Interestingly, the addition of 5 mg L−1 Fe2O3-450 resulted in a lipid enhancement from 18% (control) to 26.75% (% dw) whereas the addition of 20 mg L−1 Fe2O3-450 NPs resulted in a lipid decrement (15.7% dw) (Fig. 6d), which can be related to lipid oxidation resulting from an oxidative stress created by the formation of ROS mediated by the higher Fe2O3-450 NPs concentration. Indeed, from these results it can be said that Fe2O3-450 NPs created a stressful environment for Chlorella sp., however low doses (5 mg L−1) of Fe2O3-450 NPs were tolerable for Chlorella sp. and stimulated lipid production, while the addition of higher doses ( ≥ 10 mg L−1) did not have a significant change compared to the control.
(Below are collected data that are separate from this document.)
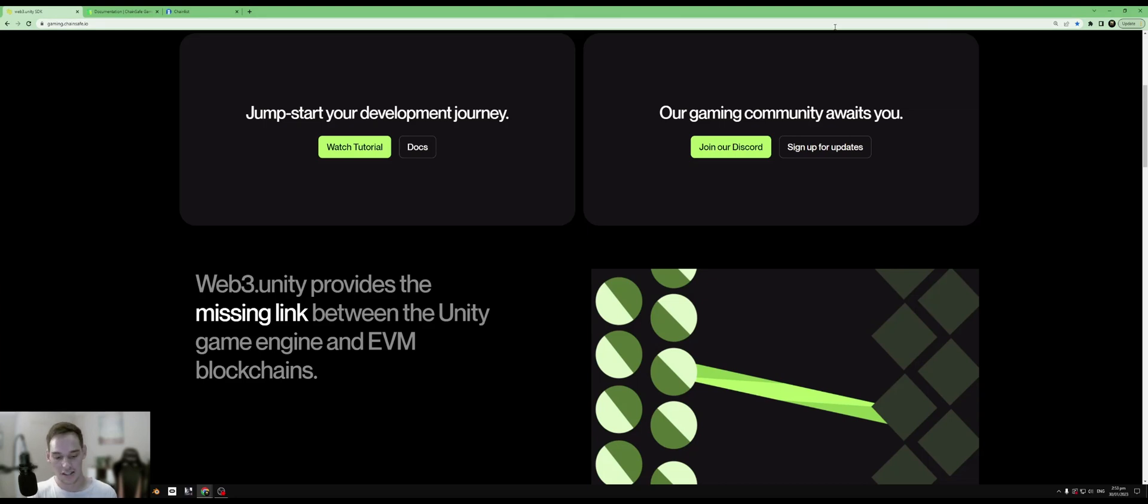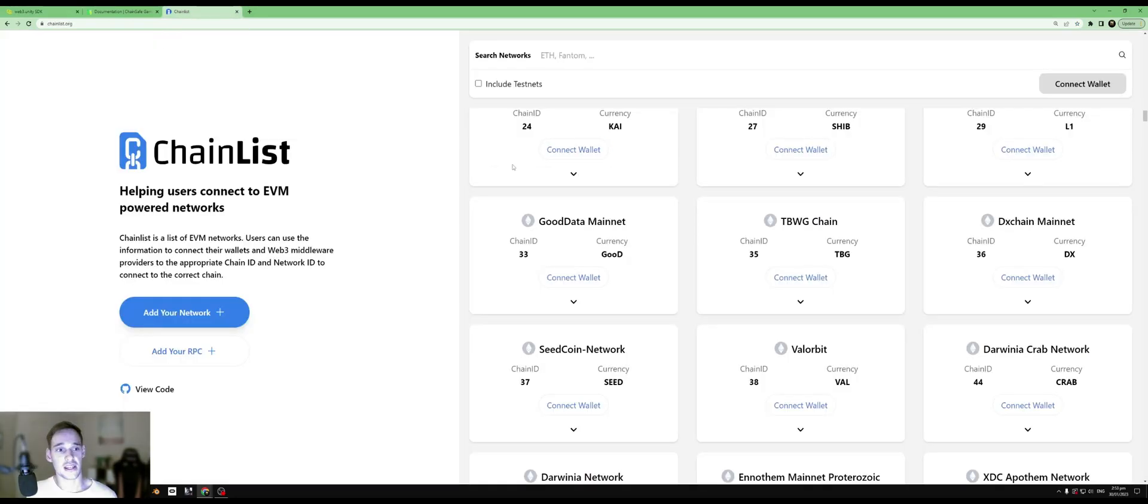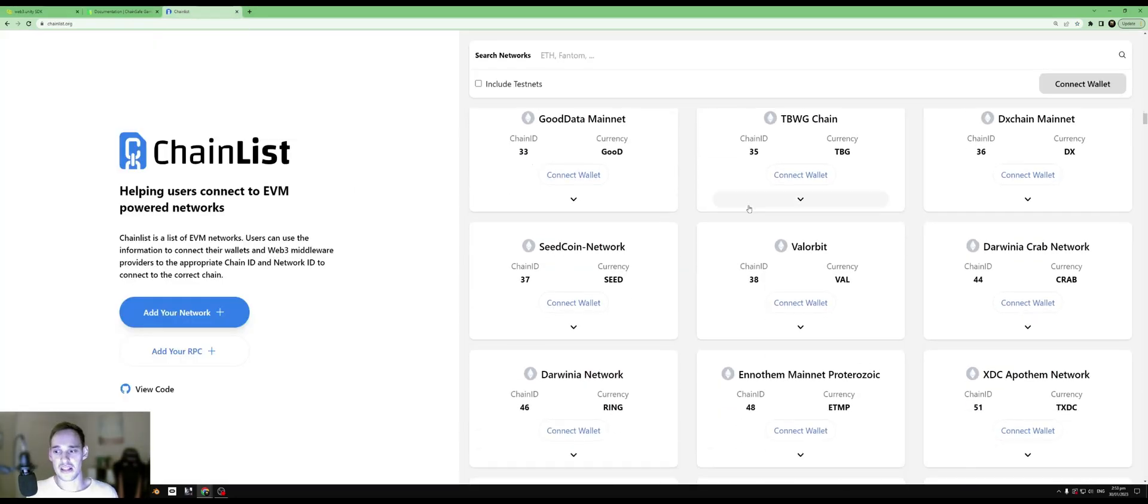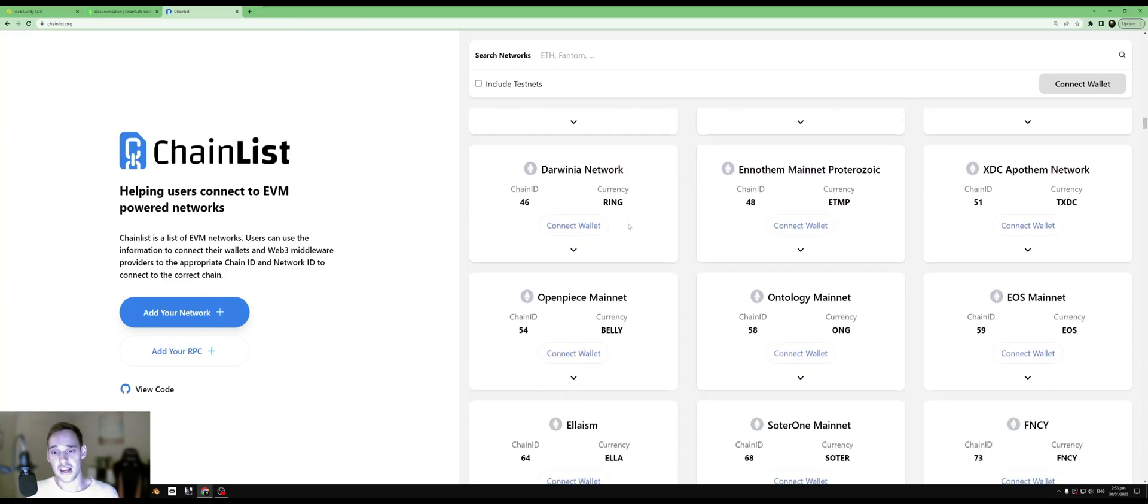We'll be implementing stuff like NFTs, custom tokens, on-chain validation, and all sorts of custom contract integration. As it's based on EVM, you should be able to use this SDK on absolutely any chain on chainlist.org, which means if it runs on the Ethereum Virtual Machine, there's a good shot that you can use it in your game.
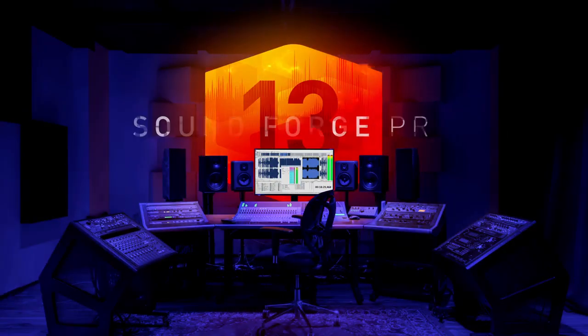A new benchmark for recording, audio editing and mastering. Sound Forge Pro 13.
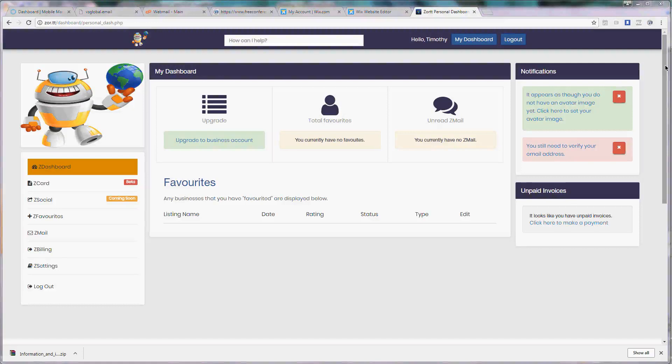Welcome back to Zort.com and the purpose of this video is to show you how to use your new Zmail account.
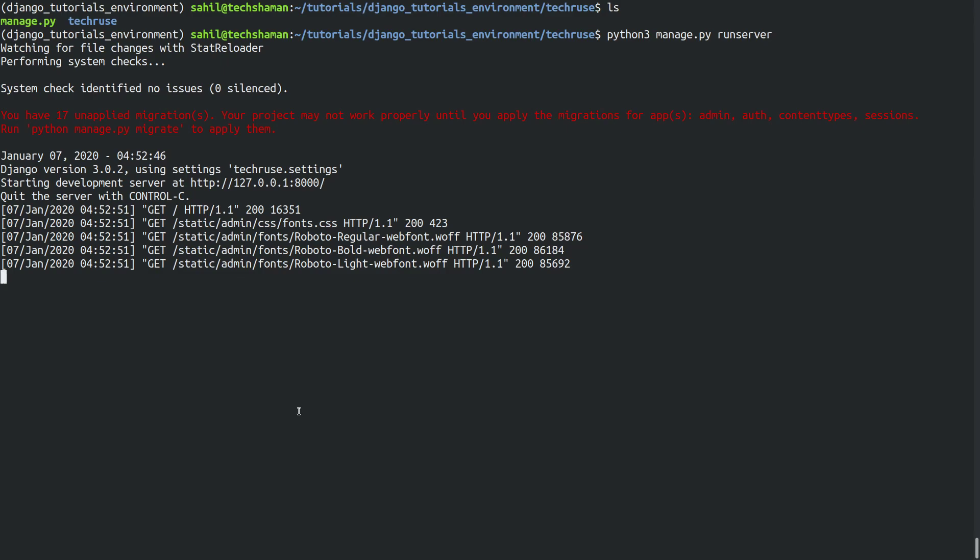We click Ctrl+C to stop the server. For this tutorial this is it — in the next tutorial we are going to be working with manage.py files and setting up your database. I hope you liked this video; if you did, hit a like, subscribe, and comment. If you have any suggestions please leave them in the comments down below. Thank you.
Even if the results recorded herein are contrary to the results reported by Bibi et al. [22], where lipid contents up to 39.7% were recorded, it is important to highlight that those high lipid contents were recorded after 30 days of culture time, whilst the time of cultivation herein was 9 days. Indeed, at short cultivation time it is possible to use Fe2O3 NPs as a technique to increase microalgae value, especially when carbonate is not supplemented. For instance, the addition of 20 mg L−1 of Fe2O3-450 NPs increased the carbohydrate content from 9.92 to 19.75% (% dw) while no significant enhancement was observed when 5 mg L−1 of Fe2O3-450 NPs were added. Nonetheless, 10 mg L−1 of Fe2O3-450 NPs was the optimal dose for carbohydrate production. Indeed, Fe2O3-450 NPs influenced Chlorella sp. metabolism, resulting in high carbohydrate content, which was mediated by a higher R value. Thereby, the recorded results suggest that Fe2O3-450 NPs induced CO2 transfer to culture media by the formation of carbonates that were taken by microalgae. However, more research is needed to confirm this theory. Nonetheless, it is important to highlight that Fe2O3-450 NPs at low doses can be used as a technique to support the production of high-value biomass in environments without carbonate supplementation.

Conclusions

The annealing temperature of the Fe2O3 nanoparticles influenced the crystal phase formation of the nanoparticles. Fe2O3-450 nanoparticles presented a higher concentration of the γ-phase than the Fe2O3-1000 nanoparticles. The crystal phase influenced differently Chlorella spp. growth, and the Fe2O3-1000 nanoparticles presented a higher toxicity in microalgae cultures. On the other hand, Fe2O3-450 nanoparticles influenced the growth and carbohydrate accumulation of Chlorella spp. at concentrations ≥ 10 mg L−1. The indirect beneficial effects of the synthetized nanoparticles were confirmed in microalgae cultures without carbonate supplementation. Indeed, Fe2O3-450 nanoparticles can be used as a strategy to produce high-value biomass in environments without carbonate supplementation.